How does it apply to insurance?
By allowing for smart contracts, a blockchain can store contract terms (and be programmed to execute those terms through automated money flows) for a wide range of complex transactions, including mortgages, options and futures, employment contracts… and insurance contracts.
Blockchain technology will drive significant changes in the insurance industry because of the role smart contracts will play in simplifying, improving, error-proofing and generating substantial cost savings for the most intricate insurance products, including premium payments, claims handling and data management.
In addition, blockchains can accelerate the emergence of peer-to-peer models of insurance and help insurers understand the provenance of antiques, art, and other insurable items. However, there are countless other opportunities for insurance companies to use blockchain to optimize processes and improve services.
“A new social interaction paradigm is driving different consumer needs and expectations. Also, the nature of risk is changing,” says Magdalena Ramada, senior economist at Willis Towers Watson and an expert on insurance technology and emerging models based on blockchain. “That is why the complete financial services ecosystem is going through a transformation. Big players and start-up firms alike are investing heavily in new technologies like blockchain to create significant value down the road and unlock new opportunities.
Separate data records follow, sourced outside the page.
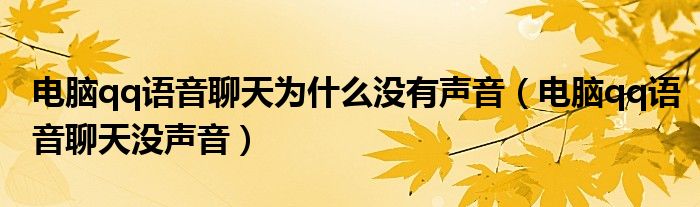 电脑qq语音聊天为什么没有声音（电脑qq语音聊天没声音）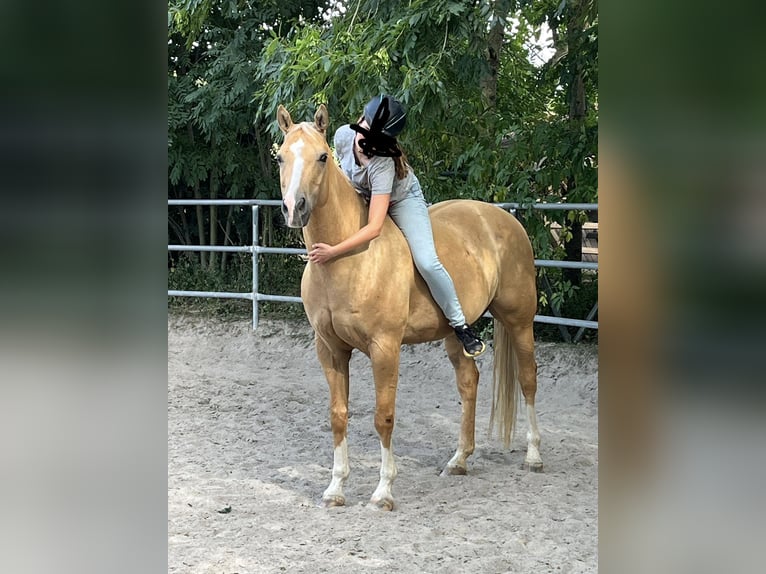 Appaloosa Yegua 12 años 154 cm Palomino in TammTamm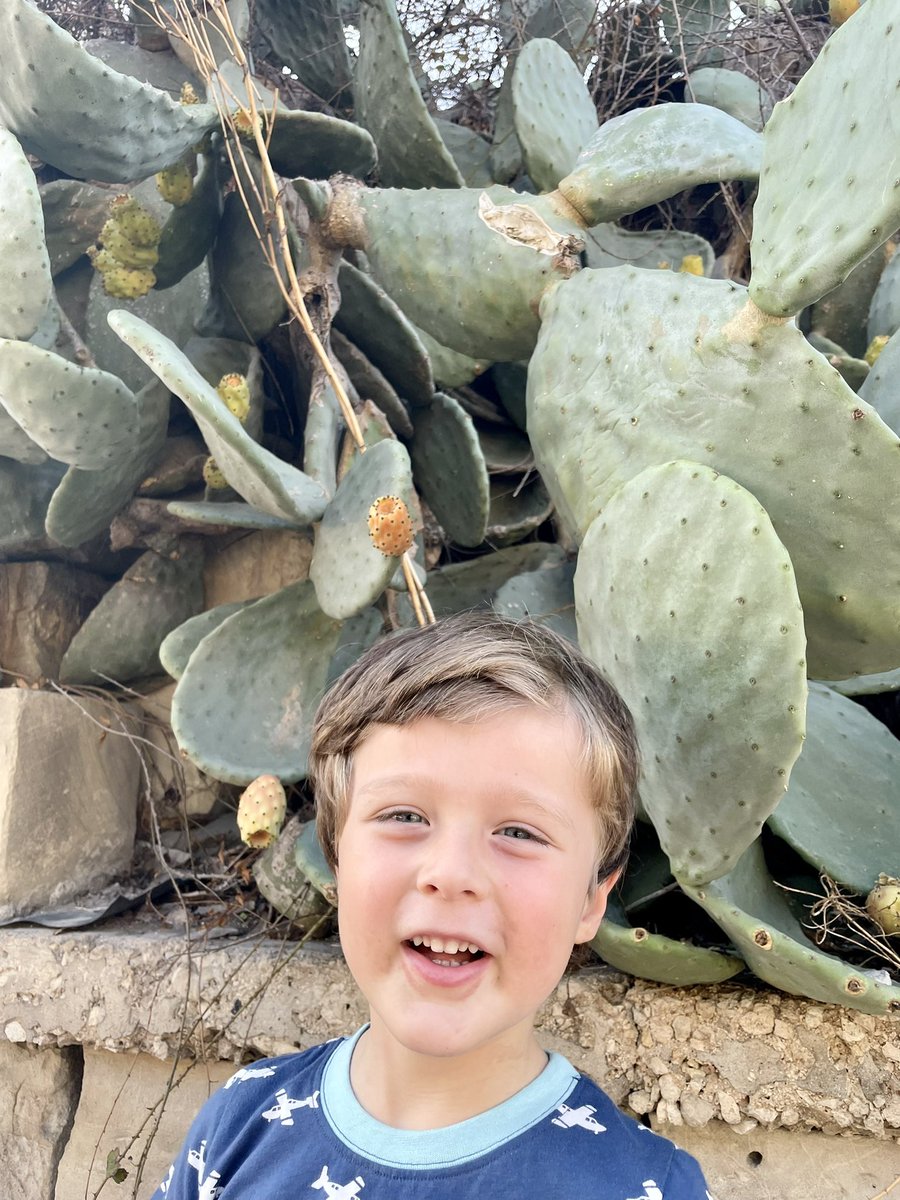 elaineboland17's tweet photo. H Practicing P. Paddling in sea, Posing with Pricky Pears, Picking olives & Posting words @TranbyReception #alphabetweek Pp https://t.co/5glFbkxXdM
It`s important for insurers to find ways to harness disruptive technologies like blockchain.”
Is blockchain secure?
Given the shared and public nature of the blockchain, it is only natural to question the security of transacting on such a network. In fact, blockchain is more secure than existing transaction networks. According to Judd Bagley from Overstock.com, the distributed nature of the network that verifies the integrity of the transactions and associated account balances makes a successful attack mathematically impossible. Estimates show that it would require 200 of the world`s largest super computers combined to hack the system, according to Future Bank Today.
What challenges lie ahead?
While having the potential to power a paradigm shift in how the world does business, blockchain is not without its challenges. Some of the primary challenges associated with the adoption of this young technology are buy-in, cost, regulatory issues, energy consumption, and standardization issues. Indeed, several efforts are underway to help standardize distributed ledger technology, including R3, Ethereum Foundation, Interledger, and the Hyperledger project.
We believe blockchain technology has the potential to change the insurance landscape and become an asset for the industry. As a result, EquiSoft formed an internal blockchain task force to better understand the technology and how it can be leveraged by our clients.
Regardless of when (or even if) blockchain technology becomes mainstream, it does warrant our attention today. After all, weren`t the mainframe, PC, internet, and social media once emerging technologies that had uncertain futures?